The insurance industry is in the crosshairs of climate change, and with the recent U.S. presidential election and the anticipated lack of policy action on global warming, the sector is going to face increasing risk.
Executive SummaryInsurers have an important role to play, and a keen business interest, in helping the world mitigate global warming impacts. Directors will need to be more involved in assessing the strategic challenges climate change poses to their business and will have to make the right decisions for setting their corporations up for long-term sustainability and success.
Business faces a challenge—a paradox that Bank of England Governor Mark Carney called the Tragedy of the Horizon in a speech to Lloyd’s of London last year. Since the most catastrophic impacts of climate change will be felt on a timescale beyond today’s short business planning cycles, companies aren’t organized to tackle greenhouse gas emissions now. Yet, by the time business is faced with more severe impacts of climate change as a result of accumulated greenhouse gases, it may be too late to effectively manage the risk.
Consider this quandary using the most basic insurance lens. “A world that warms 2 degrees may be insurable, but a world that gets warmer by 4 degrees would certainly not,” argues Henri de Castries, former CEO of French insurer AXA, one of the largest insurers in the world. This is why insurers have an important role to play, and a keen business interest, in helping the world mitigate global warming impacts.
That makes the role of the corporate boards of insurance companies more critical than ever. Directors will need to be more involved in assessing the strategic challenges posed by climate change to their business. They will have to make the right decisions for setting their corporations up for long-term sustainability and success.
Insurer Boards Taking Action
So what are the boards of insurance companies doing? In our recently released “Insurer Climate Risk Disclosure Survey Report and Scorecard,” we examined the responses of nearly 150 insurance companies to the National Association of Insurance Commissioners’ climate risk survey. These companies represent 71 percent of the U.S. insurance market by premiums.
We found that:
- The largest insurers—those writing more than five billion in direct premiums—had the most proactive governance practices for climate change, including board oversight of climate and sustainability risks.
- Property/casualty insurers are making strides, though many still lack the engagement by leadership that is needed to improve their climate risk management practices.
- Health insurers are laggards, frequently displaying a lack of understanding of the climate risks they face, including growing scientific evidence linking climate change to increased morbidity and mortality impacts.
Drilling down into the report highlights examples of board involvement in climate change and sustainability issues. At life insurer Prudential, for instance, a specific board committee is in charge of overseeing corporate sustainability measures. At the same time, to make sure that the board has the key skills it needs to guide the company going forward, Prudential’s board members’ environmental credentials are considered as part of their nominations.
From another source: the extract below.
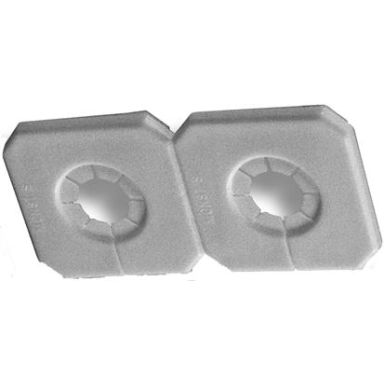 Purus Duo-Täck Täckbricka för dubbla rör, delbar, vit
German multiline insurer Allianz takes another approach. Several board committees—including the risk and finance, underwriting, and investment committees—monitor and take action on climate change issues that could impact the company. The company’s Environmental, Social and Governance Office, responsible for making climate change thinking part of investment and insurance activities, reports directly to a board member and regularly updates board members on sustainability issues.
Ceres’ report, “View From the Top: How Corporate Boards Can Engage on Sustainability Performance,” identified more examples of how boards can take proactive roles in preparing their companies for sustainability and climate change, gleaned through interviews with dozens of corporate board members, investors and governance experts. The report offers a number of recommendations for how corporate boards can oversee sustainability effectively, including putting in place explicit oversight systems for sustainability; building competence for sustainability at the board level through recruitment and training; and integrating sustainability into board member decision-making on strategy, risk and compensation.
Political elections don’t diminish the challenges that insurers face from climate change. Directors are already getting a preview of how much climate change could impact the economy—since the 1980s, annual insurance losses from weather disasters have jumped to an inflation-adjusted average of $50 billion from $10 billion, according to Munich Re. This and other climate risk trends are why boards at leading companies are pushing the case for acting now rather than reacting later.